Karel Kyncl, released prisoner of conscience
"I was amazed at the great number of letters sent to heads of states, parliaments, influential politicians, and other people who are in a position to intercede effectively on our behalf... I would like to express to you my sincere thanks for everything Amnesty International has done for me. Without this work I would have had to stay in prison for many months. By this action, Amnesty International saved my life and gave me the chance of a new and truly human existence."
Dr Jan Mlynarik, historian and released prisoner
"When the first 200 letters came, the guards gave me back my clothes. Then the next 200 came, and the prison director came to see me. When the next pile of letters arrived, the director got in touch with his superior. The letters kept coming and coming: three thousand of them. The president was informed. The letters still kept arriving, and the president called the prison and told them to let me go.
"After I was released, the president called me to his office. He said: 'How is it that a trade union leader like you has so many friends from all over the world?' He showed me an enormous box full of letters he had received and, when we parted, he gave them to me."
Julio de Pena Valdez, released prisoner of conscience
"My friend informed me that your organization took care of me. Because of this I feel the deep desire to thank you very much for everything your organization has done for me. I understand there exist groups all over the world who adopt particular cases and who take measures to get people free... It is my intention, after having managed to start into my new life, to actively participate in AI's work."
Dr Martin Schmitt, former prisoner of conscience from former East Germany, in a letter to AI
"My friend, what you wrote has lightened my heart, because I understand that I am not alone, as I feel, but that the solidarity of the whole world is with me, I who am just a poor, insignificant woman destroyed by a common enemy. I never imagined that anyone would cast a glance in my direction but this fills me with the will to go on." Teacher and released prisoner, in a letter to the AI group that had worked on her behalf
"...if there's lots of pressure _ like from Amnesty International or some foreign countries _ we might pass them on to a judge. But if there's no pressure, then they're dead."

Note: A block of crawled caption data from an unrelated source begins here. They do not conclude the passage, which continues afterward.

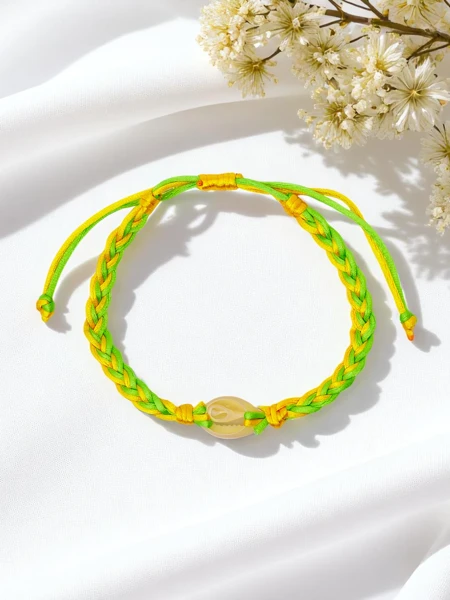 Női karkötő kagylóval Coral Breeze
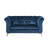 Geneveve 64.2" Velvet Rolled Arm Chesterfield Loveseat-91280503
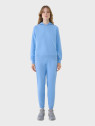 4F SPODNIE DAMSKIE DRESOWE SPORTOWE JOGGERY TTROF1138 DENIM XXL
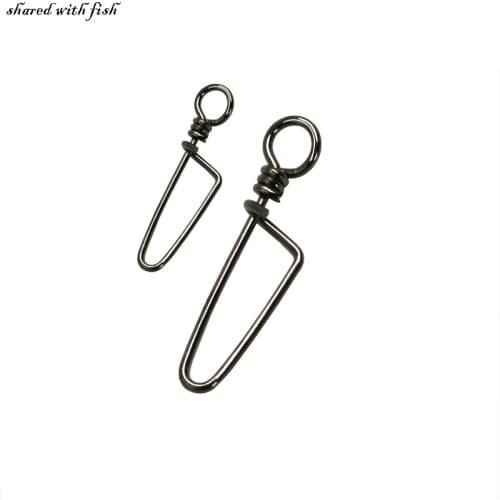 20pcs/lot Coastlock Snap00-4# Copper+Stainless Steel Fishing Hook Snap Connector fishing tool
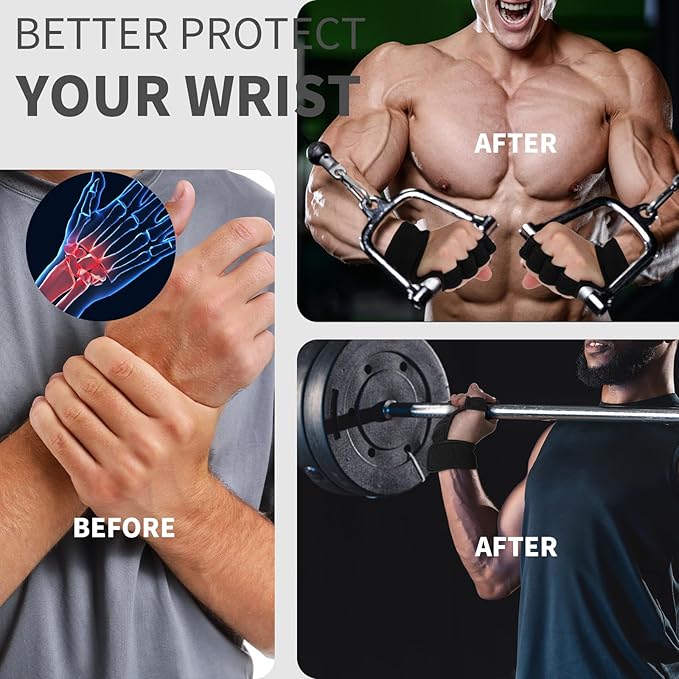 Gym Gloves for Men Women, Padded Weightlifting Wrist Wrap Workout Exercise Glove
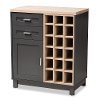 148-8664-RCW Contemporary Gray Wine Cabinet -Roxana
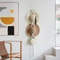 Nordic Boho Cotton Hanging Hat Organizer With Macrame Wall Storage 8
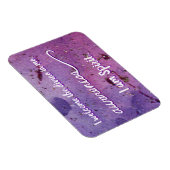 "Bewustmaking" Violet Crown Chakra WordMagnets Magneet (Rechterzijde)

"One remarkable thing was the smuggling of the Amnesty International document into the cell by one of the soldiers who felt sympathetic to us... That really was great hope... A friend of mine came and told me, 'I was going to commit suicide. It was only this paper that saved my life'."
Released prisoner of conscience
"Accept my thanks for the sensitivity, attention and justice you have shown till now on the subject of conscientious objection to military service.
"I thank you all, as well as the people of Europe who, during my 10 months' imprisonment, filled my heart with courage with their words of love and their protest against the lengthy, unjust, ignominious imprisonments in Greece.
"In particular I would like to thank Amnesty International for its decisive work and the members of the European Parliament who support me with their statements, letters and presence at my trials."
Detained prisoner of conscience
"We received your letter of 10 December 1987 and we thank you very much for your interest and concern about our son Alexandros Albanidis, who is in prison for his religious beliefs. I would like to let you know that we have another son who is also in prison. He went there six months after Alexandros; his name is Christos Albanidis and he is also in the agricultural prison of Cassandras. You understand this is a very sad situation for parents to have two children and both of them to be in jail not because they robbed somebody, not because they stole from somebody, not because they killed somebody, or not because they committed any other crime, but because their conscience does not permit them to take a gun or a weapon and to kill their fellow human beings...
"Please accept my friendly greetings and we thank you from the deepest of our hearts."
Sotirios Albanidis, father of a prisoner of conscience, in a letter to an AI member
"This year the letters from Amnesty International and your sweet words made my heart feel joyful. You gave me courage to carry on our struggle. The world today needs all of us to achieve true Peace and human rights and liberty... From my small cell, Merry Christmas and a Happy New Year."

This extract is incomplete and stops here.